Required work
Only the lines from the first line of the data through the line containing "Nappe enduite sur" belong in the answer, transcribed exactly; pictures do not.

◆ ◆ ◆ ◆ ◆ ◆ ◆

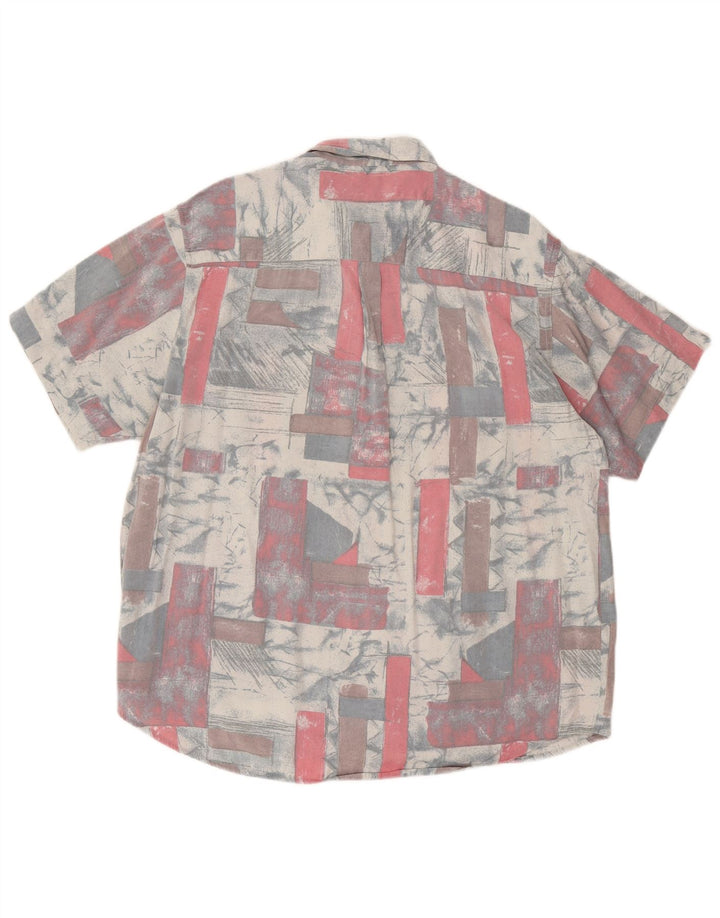Camisa masculina vintage de manga curta com padrão abstrato XL cinza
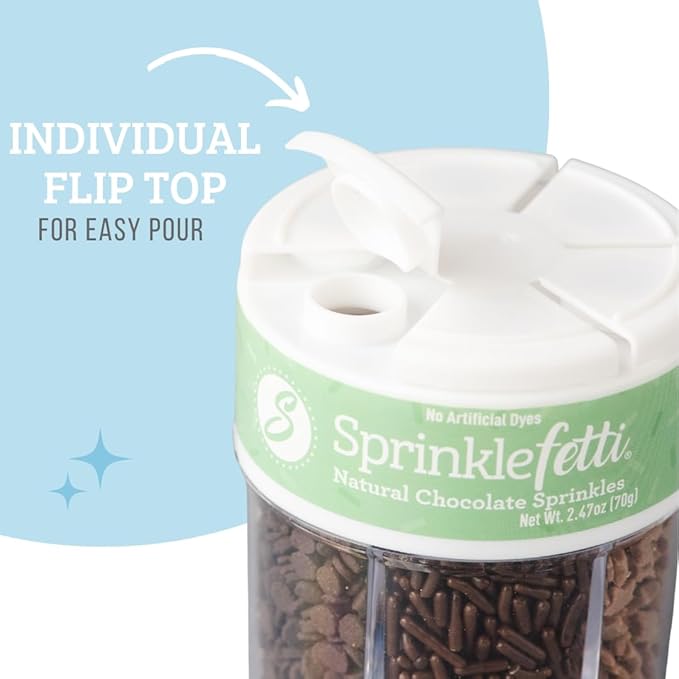 Sweets Indeed Dye-Free Chocolate Sprinkles – 2.75 oz 6-Cell Mix with Jimmies, Star Shapes & Confetti Circles | Natural Brown Sprinkle Set for Cookies, Cakes, Cupcakes & Dessert Decorating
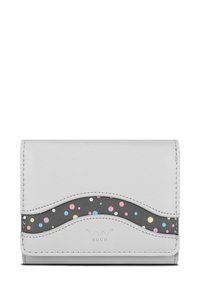 Šedá kožená peněženka s vlnkovým designem, zdobená puntíkovým vzorem v modré, růžové a žluté barvě na tmavém pozadí. Logos značky je vyraženo.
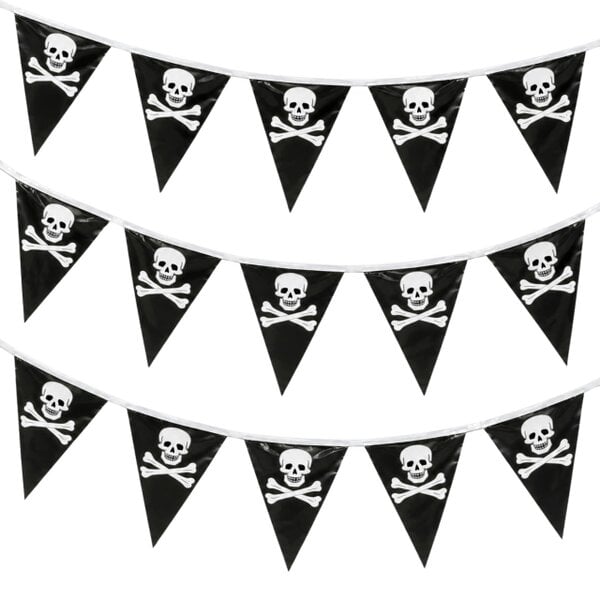 Shatchi 6m Pirate Bunting with Black Skull and Crossbones Pennants for Parties and Displays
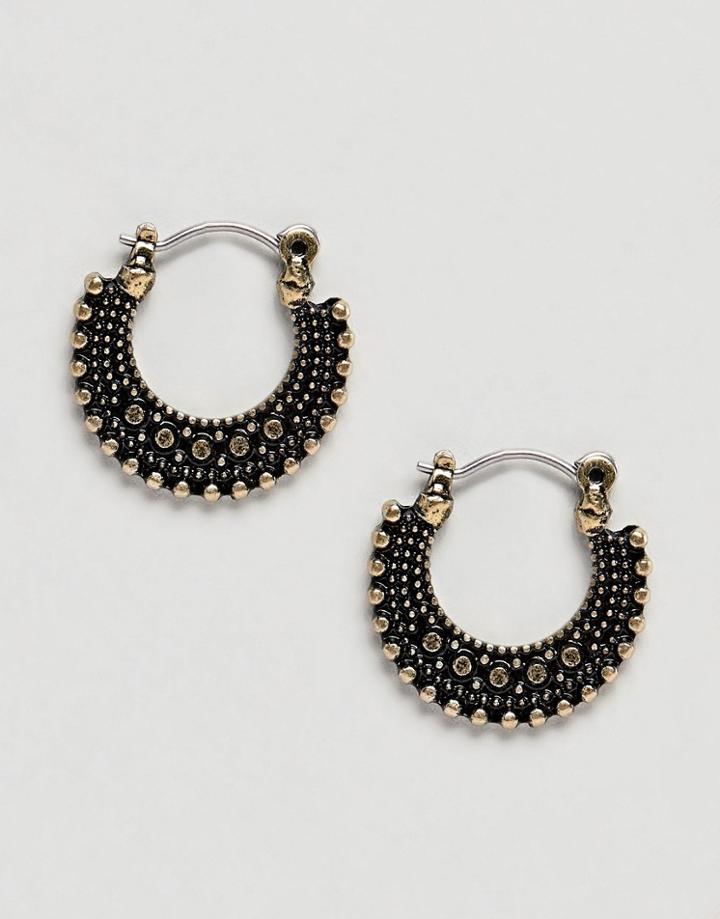 Asos Design Ornate Hoop Earrings In Burnished Gold - Gold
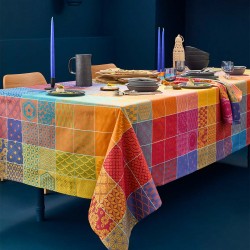 Nappe enduite sur mesure Mille Hana Floralies, laize 180cm, Garnier-Thiébaut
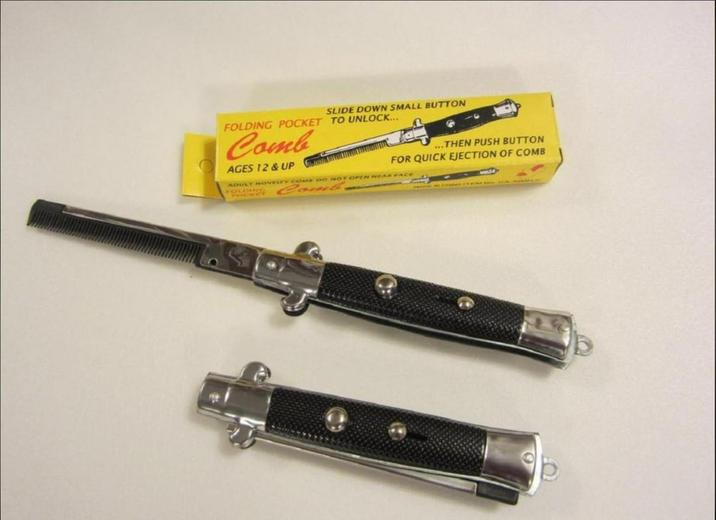 SLIDE DOWN SMALL BUTTON FOLDING POCKET TO UNLOCK... Comb AGES 12 & UP ...THEN PUSH BUTTON FOR QUICK EJECTION OF COMB ADULT NOVELTY COME DO NOT OPEN NEAR FACE FOLDING e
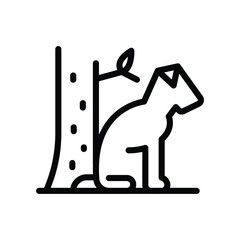 Graphic icon of a dog seated next to a tree with a leaf presented in a clean linear style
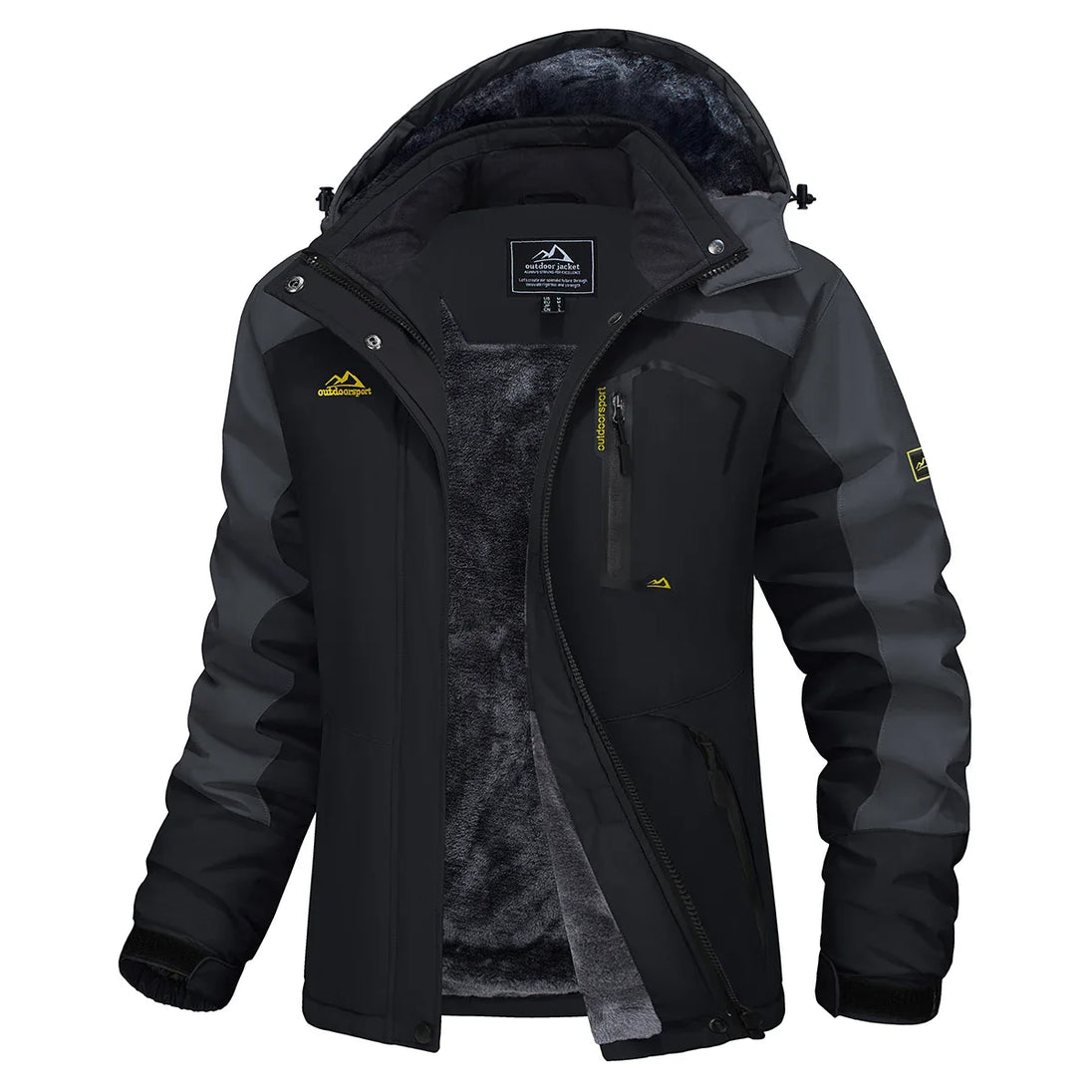 Black and gray winter jacket with visible brand logo on a white background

◆ ◆ ◆ ◆ ◆ ◆ ◆

Expected answer
Camisa masculina vintage de manga curta com padrão abstrato XL cinza
 Sweets Indeed Dye-Free Chocolate Sprinkles – 2.75 oz 6-Cell Mix with Jimmies, Star Shapes & Confetti Circles | Natural Brown Sprinkle Set for Cookies, Cakes, Cupcakes & Dessert Decorating
 Šedá kožená peněženka s vlnkovým designem, zdobená puntíkovým vzorem v modré, růžové a žluté barvě na tmavém pozadí. Logos značky je vyraženo.
 Shatchi 6m Pirate Bunting with Black Skull and Crossbones Pennants for Parties and Displays
 Asos Design Ornate Hoop Earrings In Burnished Gold - Gold
 Nappe enduite sur mesure Mille Hana Floralies, laize 180cm, Garnier-Thiébaut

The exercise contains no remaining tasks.